I came for what I thought was helping a family in need build a house. Yet, what I was building the whole week was my own heart: a new ability to let love in despite my fears, to take in gratitude when it is given, to accept hugs when my being aches for them.
This was a tiring week of carrying blocks, carting gravel, sifting sand, and mixing mortar and concrete. I was waking up with sore muscles that I didn’t previously know existed. But the physical exhaustion pulled me out of the trap of my own mind. I was too tired to plan, do busy work, and keep myself occupied: behaviors which I learned I use to mask my feelings of vulnerability. And it was so vulnerable connecting with complete strangers in such an intense and personal way.
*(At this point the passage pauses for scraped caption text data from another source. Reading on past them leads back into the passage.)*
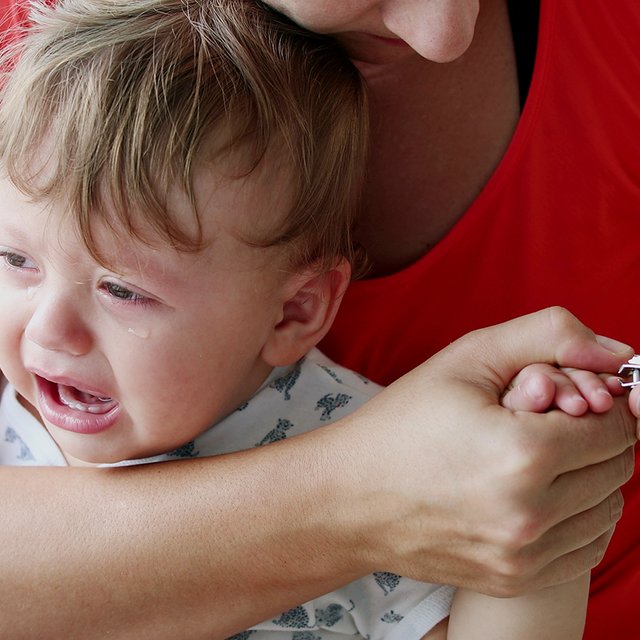 Маленький ребёнок не разрешает стричь себе ногти. Что делать?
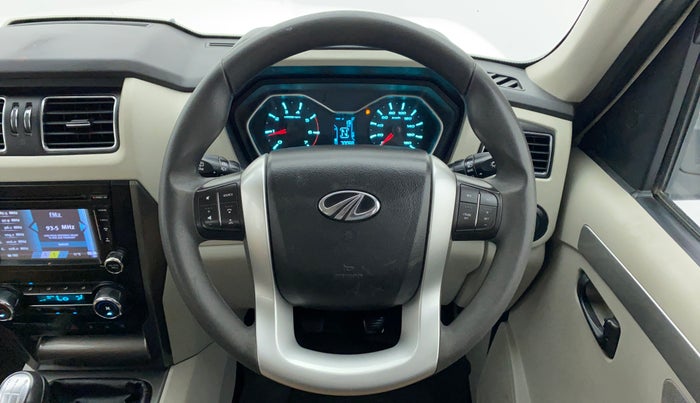 2014 Mahindra Scorpio S10, Diesel, Manual, 70,122 km, Steering Wheel Close Up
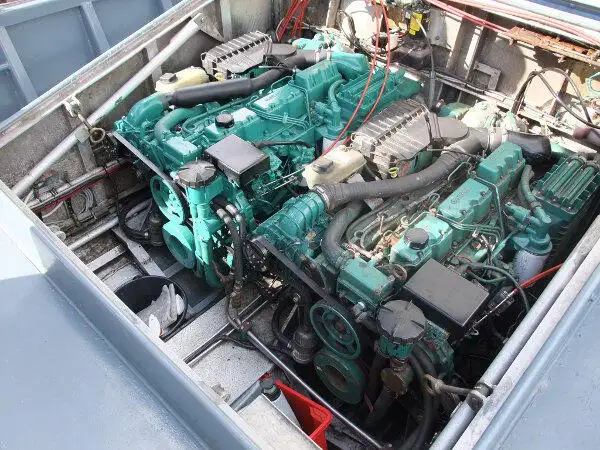 Bateau de transport d'équipage à vendre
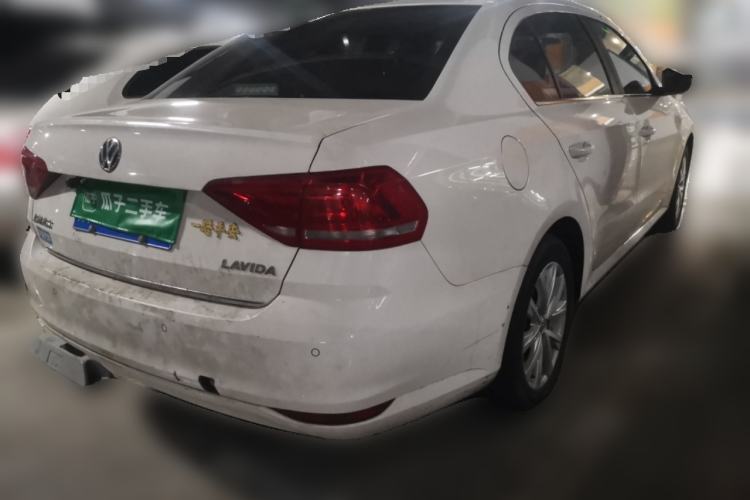 Used Volkswagen Lavida 2015 1.6L Automatic Comfort Edition Rear Right 45 Deg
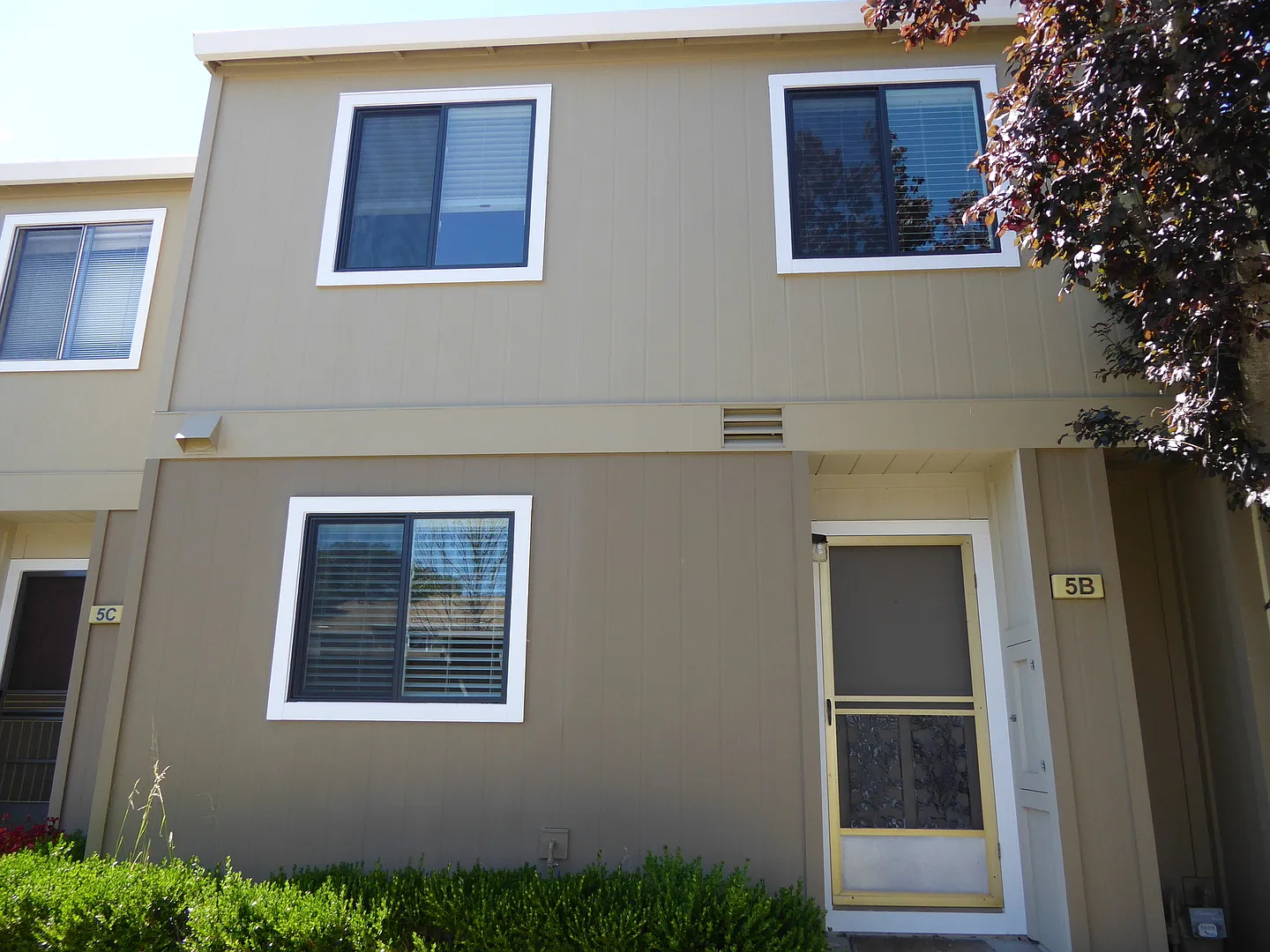 Three Bedroom Two And Half Bath Two Story Condo Home Near Highway 101 And 37 — Photo 1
My week started with goals and targets: build goals, step goals, calorie goals. I was running first thing in the morning, and walking on the beach after the build, making sure I was meeting my step goals. By the end of the week I was walking on the beach to find calm and stillness, to make space for the emotions that were coming up, and to allow myself the opportunity to reflect. And I had fully embraced the wonders of fried plantains.
I started taking more breaks at the build site. Sometimes to hydrate. Sometimes just because the kids wanted to play. What I learned in this one week was to give my presence fully. I may not have understood what the kids were saying to me, and they may not have understood me, but when we spun and giggled and danced nothing else existed. My mind was not rushing off to the next task, but present, delighting, filled with the resonating laughter of the children.
This week I collapsed on my bed every day after the build, feeling physically and emotionally raw. And as I lay there, trying to parse through the emotions that were surfacing, I learned that the love that budded within me towards the people I was connecting with could only be cultivated if I loved and accepted myself. The love would grow only if I gave them my most vulnerable, authentic, and imperfect self, rather than the image of the “best I can be” that I typically try to achieve in my daily life. I was nothing like “cool” or “perfect”: I was sweaty, dirty, and felt that I could have been doing so much more. In the face of the apparent need and poverty it was easy to feel “less than”.
And yet, the family that I was building for, the children I was playing with, they didn’t care about my weight, the size of my waist or my paycheck, my pace per mile, or my alignment in some fanciful yoga pose. I was there, giving them my effort, my time, my presence, and my love, and they loved all of me for just that!
And this unconditional love on their end made me realize that I am worthy of love and acceptance just as I am. I am enough.
I belonged. There was a home for my heart in the house I had been building.